Tuesday, July 20, 2004

Airport Express

I wrote about the Airport Express from Apple when it was first announced; you can find those posts here and hereJames Duncan Davidson has a great post on his first day with the Airport Express and makes some comments and observations that I had wondered about, not having had the time to get around to purchasing an Airport Express for myself yet.  From his post:

Within minutes of picking up the box, I had the device out of its packaging and into the shelving around my home stereo. And a few minutes after that (after installing a new Airport Admin Utility and a Airport Express Setup Assistant) it was set up and running.

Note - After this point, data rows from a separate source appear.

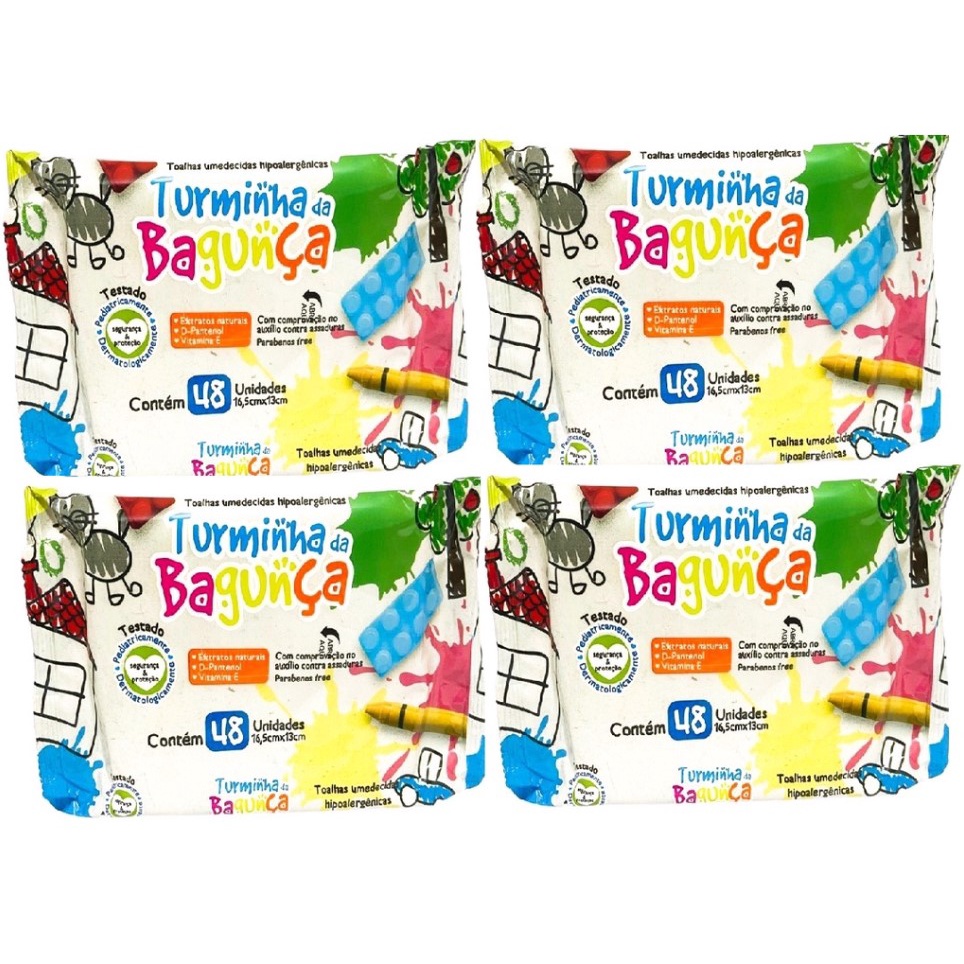 Kit com 4 - LençoToalha Umedecida Turminha da Bagunça Toalha Umedecida 48 Unidades 192 unidades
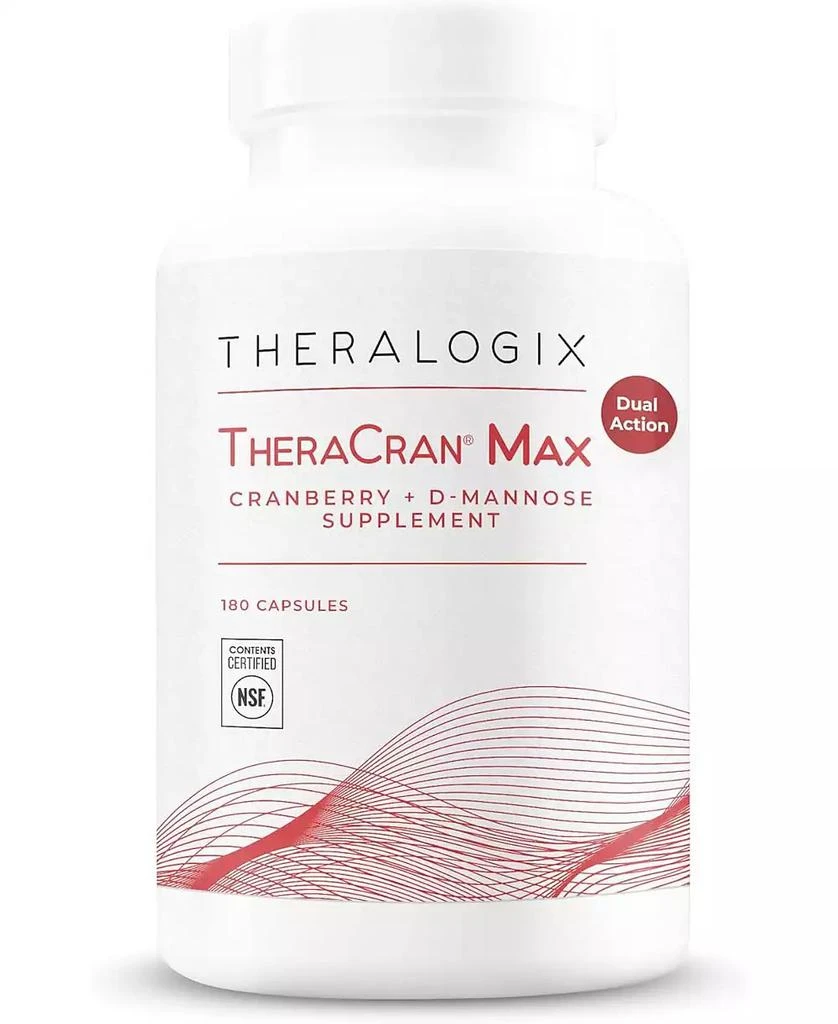Theralogix TheraCran Max - Cranberry + D-Mannose Supplement for Men 
Women - Urinary Tract Health Support - 90-Day Supply - NSF Certified - 180 Capsules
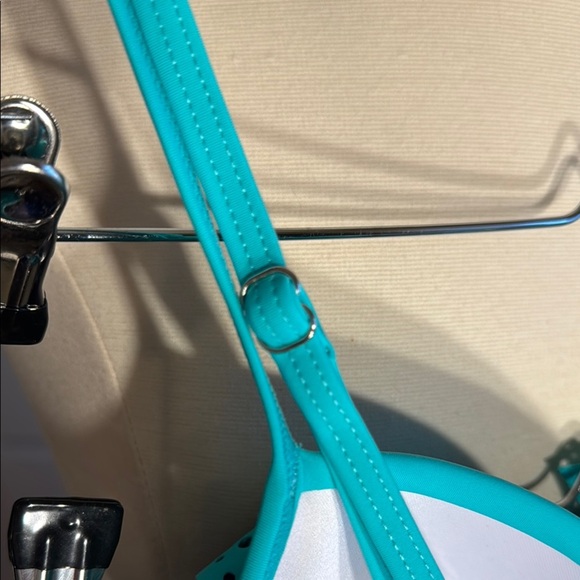 Super Cute Holypick Top & Gottex Bottom Teal/Navy Bikini Set Perforated Ruffle - Picture 13 of 15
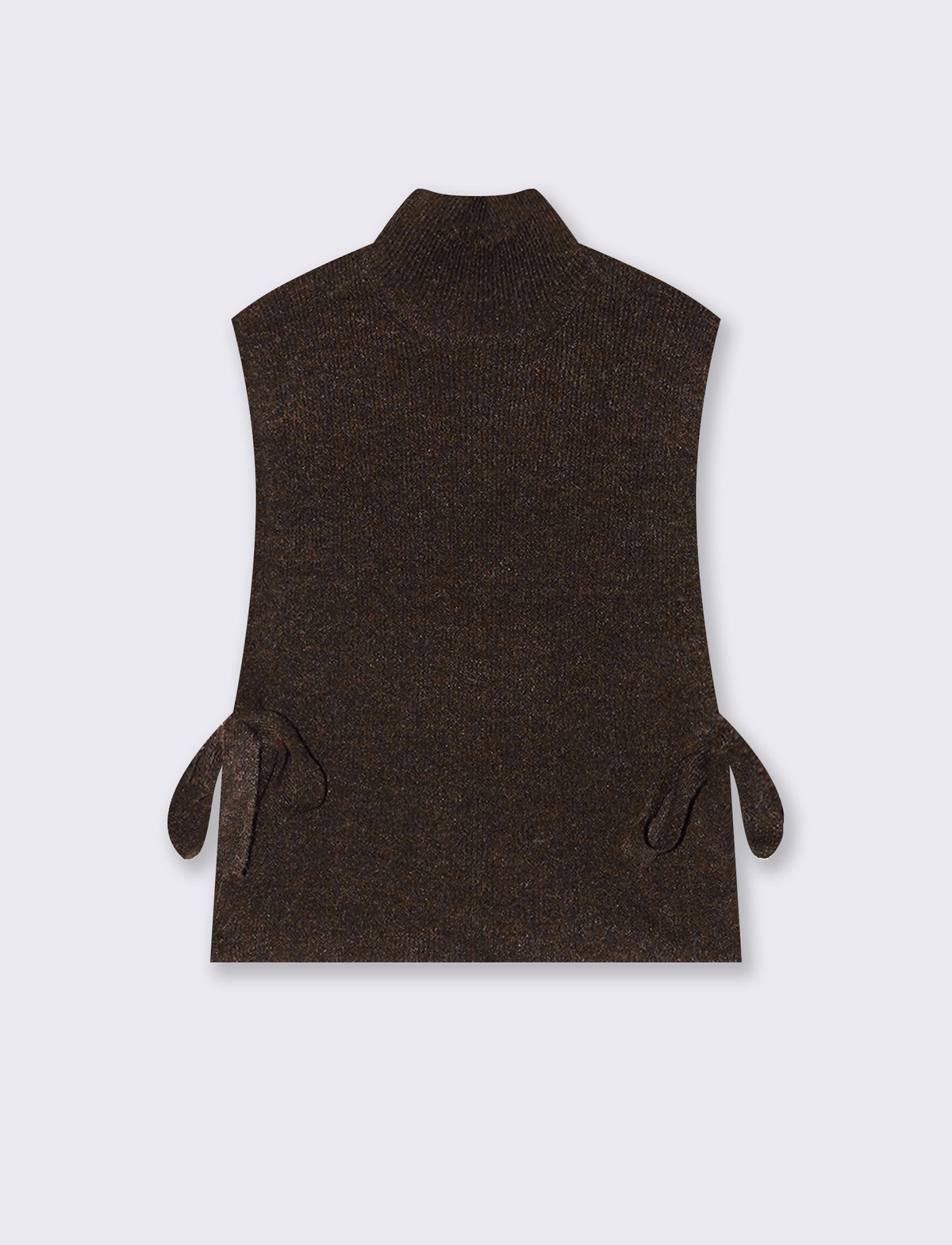 Maglia smanicata a collo alto con fiocco - Moro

 Of course the next thing I did was stream audio to it from iTunes. And it worked. Nicely. In fact, every minute I've been home this weekend, there's been music streaming to my stereo from my laptop. It's pretty seamless. The only hint that there's not a wire between the laptop and the big speakers is the bit of lag when playback is started or stopped. Oh, and the fact that there isn't a freaking cable between the laptop and the stereo.

So the Airport Express seems to be as easy to configure as the Airport Extreme base station, which is nice, and it seems to provide the AirTunes function quickly and efficiently out of the box.

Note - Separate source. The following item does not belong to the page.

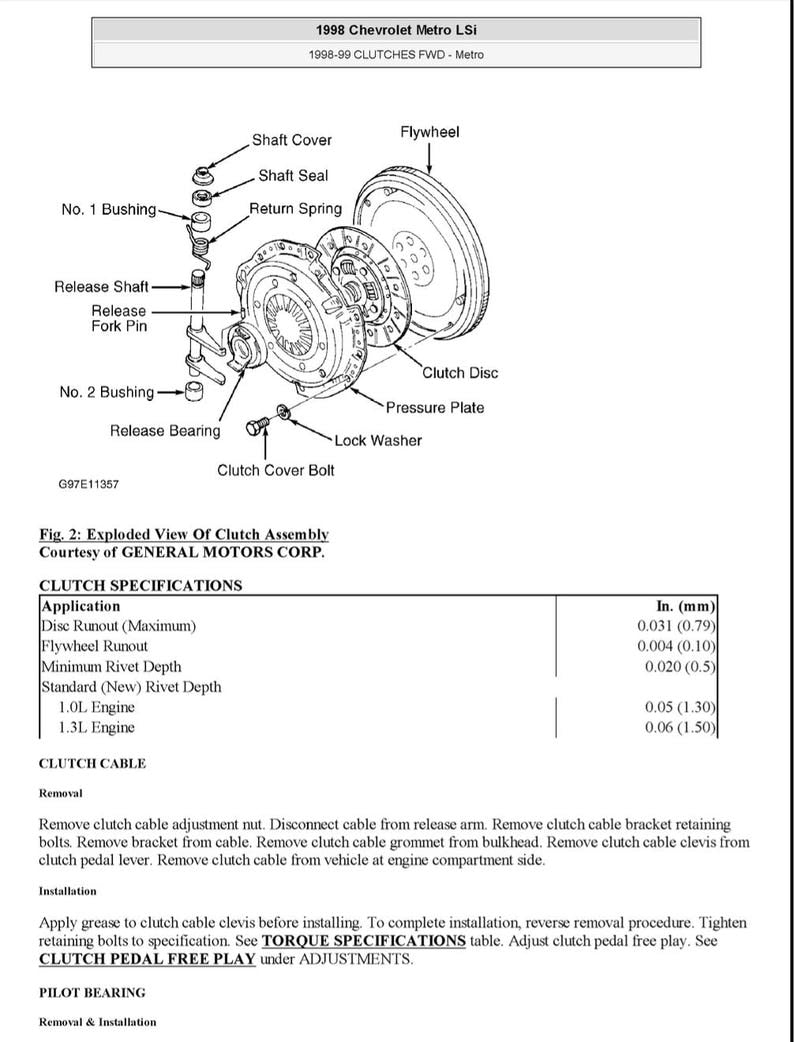 Chevrolet Metro 1998-2001 Service Manual Repair, Workshop Service Repair, INSTANT Download PDF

Beyond its role as a audio sink for iTunes, the Airport Express is first and foremost a wireless base station. And it's an awesome one. You know from the specs it's going to be small, but when you hold it in your hand and realize that in the box is a power supply, wireless base station, print server, and a audio output... well, let's just say it's surprising.

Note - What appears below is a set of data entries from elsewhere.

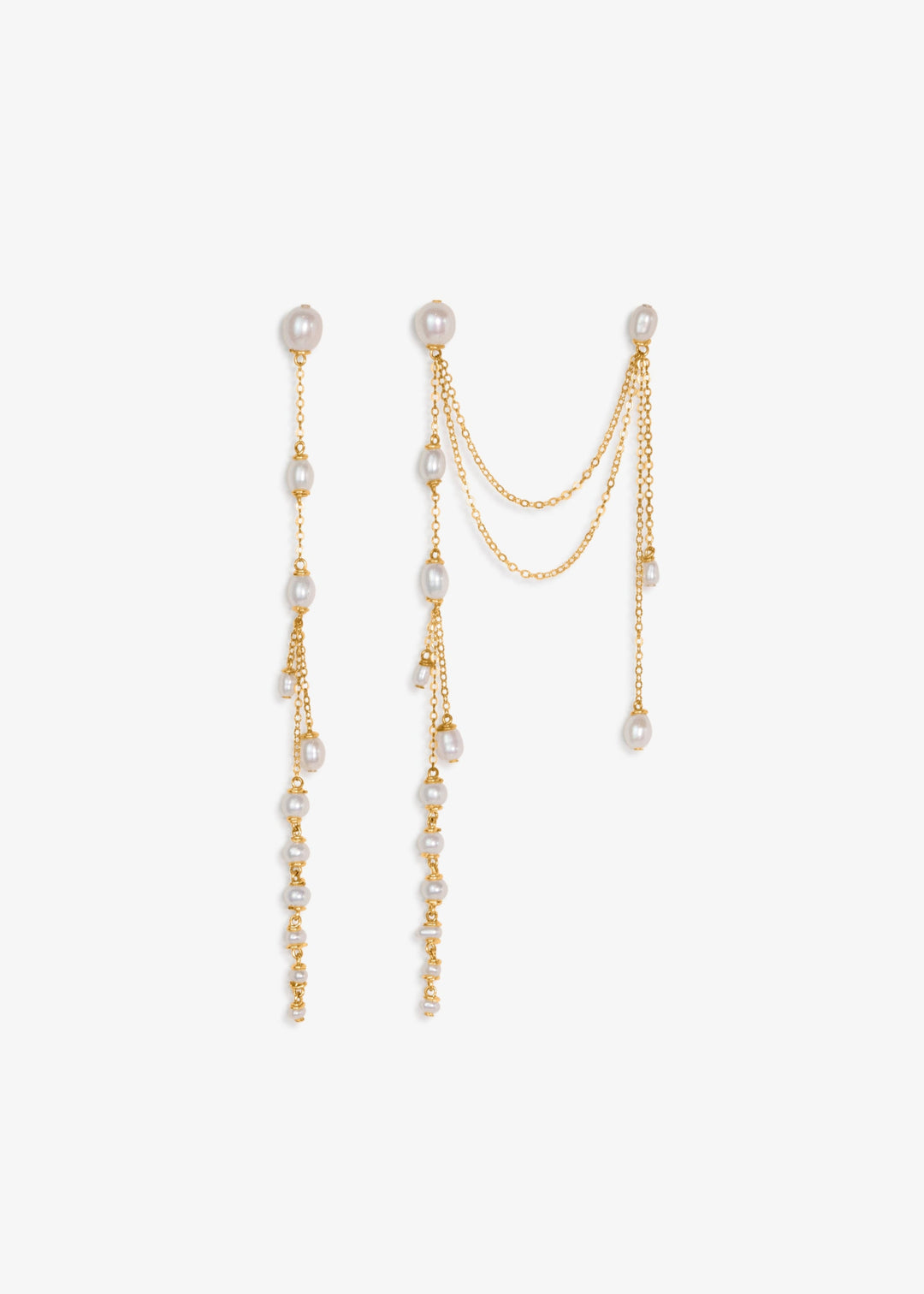 Gold chain earrings with pearl-like beads on a white background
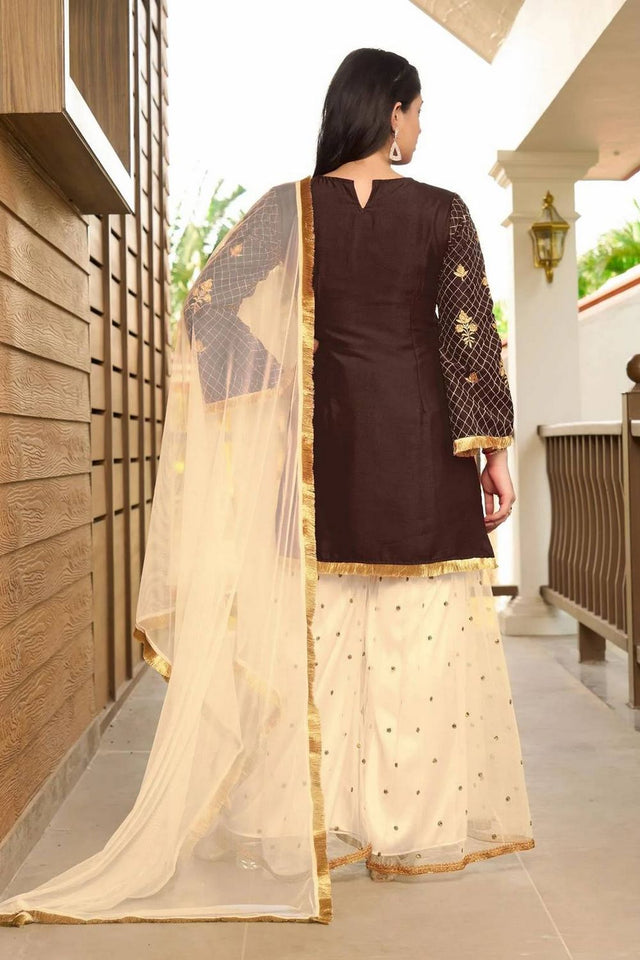 Brown Floral Embroidered Cotton Silk Kurti Palazzo Set (NC2229DSKD)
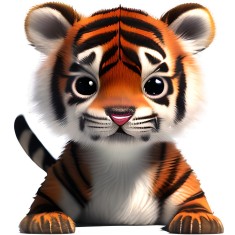 Sticker decorativ, Tigru, Portocaliu, 66 cm, 1221STK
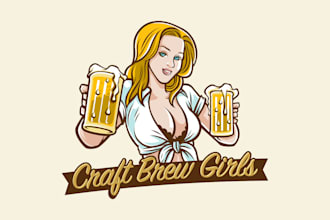 design awesome brew girl logo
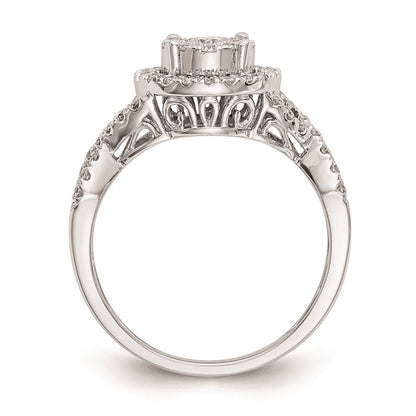 14K Weißgold Verlobungsring mit natürlichen Diamanten im Cluster-Design, vollständig besetzt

Outside of getting a few of these for my house, I really want one to travel with and use in the hotel room -- a wireless access point the size of the Apple power supply is a pretty cool thing.  Additionally, for many users that have a cable modem in a small apartment, the Express may be the cheapest solution for a small wireless access point.

The Airport Express doesn't come with an AC power extender cable in the box . . . I'm using one of my laptop extender cables to carry power to the Airport Extreme rather than using the simple plug. This lets me put the base station up on the shelf rather than plugged directly into a plug so that I can see the nice green light from the couch.

You can buy the extender cables at the Apple Store.  Hopefully future versions of the Express will come with the extender.  This is a primary concern for many home stereo system users that may want to plug the Express directly into a wall outlet -- the shape of the Express is not going to allow you to push any solid-walled furniture back up against it.

The feature pictured above is the Express profile manager.  Why is this cool?  Well, if you travel with your Express, you can save the configuration for your home network and save various configurations for different hotels or office buildings.

One thing that Davidson notes and I had wondered about is the support for laptop power.  How cool would it be if there was another port on the Express that allowed you power your laptop while it was performing all the rest of its functions.  Maybe the G5 Powerbooks and iBooks will simply have an Express/charger combo device.